Pois estava com 107, saudável e lúcido e escrevendo nos jornais de Livramento. Vivito y coleando. O homem atravessou o século passado inteiro! Segundo minha prima, estava recebendo um teólogo italiano em sua fazenda. E ainda lembrava de mim. Era um desses raros homens que podem chamar o papa de “aquele rapaz”. Morreu aos 108.

Adelante! Ocorreu que furamos o pneu em plena Linha, justo ao lado do Marco dos Moreiras. Do lado do Uruguai, o rancho de Don Floro Rocha, também tapera. No Brasil, minha tapera e a agora tapera do Tio Ângelo. Em idade já provecta, na faixa dos 60, não conseguíamos descer o estepe, além do mais trancado por uma corrente. Urgia gente mais moça. Náufragos entre duas nações, ficamos à espera de um milagre. Foi quando passou um personagem para mim novo naquela geografia, uma moça de moto com uma filha na garupa. Prometeu ajudar-nos. Que chamaria o Gojo, que ainda ficara num restinho de campo frente à tapera do pai.

Me preparei espiritualmente para passar à noite no pampa. Gojo era uns dez anos mais velho do que eu. Estaria caindo aos pedaços – comentei com o Pacase. Mas era o Gojo ou nada e melhor o Gojo do que nada. Dali a meia hora chegou nosso socorro, também em uma moto. Outra moça havia passado de moto pela Linha. O campo havia mudado. Cavalo já pertencia a meu passado.

Chegou um paisano de barba e bigode brancos, franzino mas rijo como um touro. Minha memória me traiu, pensei com meus botões. Vai ver que o Gojo era mais novo do que eu. Sem me apresentar, fui logo perguntando pela Gessi. Ele naturalmente não me reconheceu e teve um momento de perplexidade.

- Mi hermana?
- Si, tu hermana. Eu nasci ali na frente, sou filho do Canário. Deves lembrar de mim. Lembrava, apesar de mais de meio século passado. Mi hermana está en Nova Jorque.
- E a Gleci?
- Está em Paris.
- E as outras?
- Ah, uma está em Madri, outra em Dom Pedrito...

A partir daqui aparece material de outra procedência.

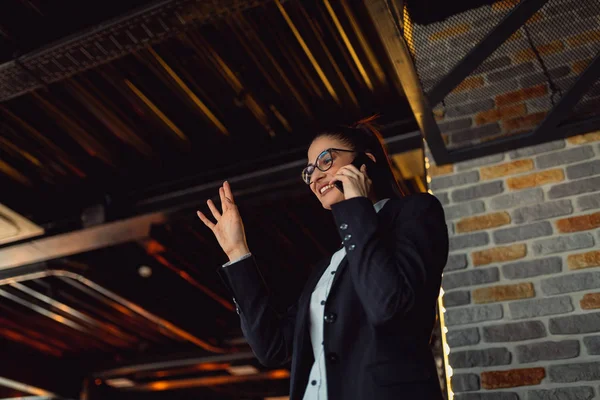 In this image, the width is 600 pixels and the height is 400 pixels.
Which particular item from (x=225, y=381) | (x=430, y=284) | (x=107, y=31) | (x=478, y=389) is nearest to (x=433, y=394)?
(x=430, y=284)

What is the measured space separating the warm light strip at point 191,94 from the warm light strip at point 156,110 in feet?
0.82

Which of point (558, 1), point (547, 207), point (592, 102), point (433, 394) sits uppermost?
point (558, 1)

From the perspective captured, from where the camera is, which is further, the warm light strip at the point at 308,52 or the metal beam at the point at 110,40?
the warm light strip at the point at 308,52

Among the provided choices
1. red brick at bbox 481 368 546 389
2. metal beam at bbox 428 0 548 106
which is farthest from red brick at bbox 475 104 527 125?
red brick at bbox 481 368 546 389

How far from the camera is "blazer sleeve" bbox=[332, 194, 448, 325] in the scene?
1409 mm

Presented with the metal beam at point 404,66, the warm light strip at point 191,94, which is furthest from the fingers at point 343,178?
the warm light strip at point 191,94

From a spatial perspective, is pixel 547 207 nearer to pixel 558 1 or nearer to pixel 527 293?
pixel 527 293

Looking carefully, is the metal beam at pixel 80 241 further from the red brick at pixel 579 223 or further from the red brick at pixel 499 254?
the red brick at pixel 579 223

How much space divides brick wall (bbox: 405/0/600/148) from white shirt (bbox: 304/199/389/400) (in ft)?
4.58

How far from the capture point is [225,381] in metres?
8.66

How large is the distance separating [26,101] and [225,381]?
19.2 feet

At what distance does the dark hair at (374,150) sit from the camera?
1.87 meters

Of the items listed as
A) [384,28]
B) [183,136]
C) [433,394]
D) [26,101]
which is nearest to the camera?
[433,394]

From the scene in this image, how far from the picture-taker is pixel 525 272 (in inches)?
106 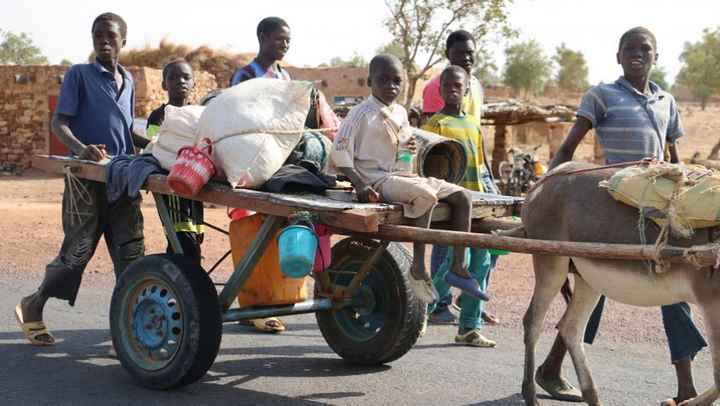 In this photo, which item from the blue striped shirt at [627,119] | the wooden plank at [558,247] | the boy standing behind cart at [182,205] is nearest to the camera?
the wooden plank at [558,247]

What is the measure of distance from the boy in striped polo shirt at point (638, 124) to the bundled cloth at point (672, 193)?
0.71m

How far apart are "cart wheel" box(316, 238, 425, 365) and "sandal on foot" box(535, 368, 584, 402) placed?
0.86m

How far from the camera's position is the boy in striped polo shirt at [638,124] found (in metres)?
4.95

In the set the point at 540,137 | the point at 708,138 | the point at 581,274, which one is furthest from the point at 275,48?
the point at 708,138

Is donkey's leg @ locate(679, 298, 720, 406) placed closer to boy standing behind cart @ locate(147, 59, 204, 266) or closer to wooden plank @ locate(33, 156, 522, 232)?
wooden plank @ locate(33, 156, 522, 232)

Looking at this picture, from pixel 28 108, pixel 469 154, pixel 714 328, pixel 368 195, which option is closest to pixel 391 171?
pixel 368 195

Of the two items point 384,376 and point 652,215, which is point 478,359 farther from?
point 652,215

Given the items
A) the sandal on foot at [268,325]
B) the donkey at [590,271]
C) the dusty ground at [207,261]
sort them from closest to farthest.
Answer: the donkey at [590,271] → the sandal on foot at [268,325] → the dusty ground at [207,261]

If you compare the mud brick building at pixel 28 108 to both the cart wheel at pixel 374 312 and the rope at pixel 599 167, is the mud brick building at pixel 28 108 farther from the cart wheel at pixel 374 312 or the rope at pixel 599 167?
the rope at pixel 599 167

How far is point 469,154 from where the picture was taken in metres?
6.32

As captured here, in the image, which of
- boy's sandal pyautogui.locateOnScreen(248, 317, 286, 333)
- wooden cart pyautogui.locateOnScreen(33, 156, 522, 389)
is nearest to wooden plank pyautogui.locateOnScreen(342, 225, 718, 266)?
wooden cart pyautogui.locateOnScreen(33, 156, 522, 389)

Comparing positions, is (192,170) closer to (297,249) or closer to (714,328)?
(297,249)

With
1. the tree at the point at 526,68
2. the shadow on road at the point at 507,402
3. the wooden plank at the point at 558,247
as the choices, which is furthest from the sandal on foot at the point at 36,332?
the tree at the point at 526,68

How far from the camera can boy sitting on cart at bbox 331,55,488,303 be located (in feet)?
15.6
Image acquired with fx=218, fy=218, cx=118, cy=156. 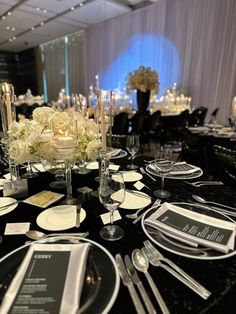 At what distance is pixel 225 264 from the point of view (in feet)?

Uma sensação de raro bem-estar me tomou conta da alma. Mulherada alarifa, barbaridade! Mais esparramadas que filhotes de perdiz. Haviam saído das mesmas grotas que eu, daquele deserto verde onde nasci, e viviam no mundo, em plena civilização. Gojo, e mais alguns outros que haviam chegado, nos trocaram o estepe. Ocorreu-me então uma pergunta:
- Que idade tens, Gojo?
- 78.

Os tauras daqueles pagos não são chegados à morte. Diante de nós, decrépitos urbanos, Gojo parecia um gurizote. Voltando a Dom Pedrito, Pacase falou-me no Dezé. Era o cartorário do Ponche Verde, em meus dias de guri. Sim, eu lembrava do Dezé. Quando morreu?
- Não morreu. Está com 99.

Decididamente, a Indesejada das Gentes não é muito popular naquelas plagas. De volta a Porto Alegre, fui revisitar dois amigos dos dias de universidade, na flor dos 80. Me assustei com o que me espera, salvo alguma providencial queda de avião. Estão ambos mais para lá do que para cá. A urbe mata.

Reposto o pneu, fui até onde nasci. No hallé ni rastro del rancho: ¡sólo estaba la tapera! ¡Por cristo si aquello era pa enlutar el corazón! – como decía Fierro. Logo adiante, ainda em pé mas abandonado aos cardos e à flechilha, o rancho do tio Ângelo. Nem sombra do cinamomo, muito menos do catavento. O mato e o pastiçal fizeram um cerco implacável à tapera, como se, longe do olhar humano, a natureza se entregasse a uma orgia obscena.

Fui até a cacimba onde, em 77, ainda me debrucei e bebi, minhas lágrimas se misturando à água salobra. Estava seca, muda e atulhada. E assim foi minha volta ao deserto verde onde nasci.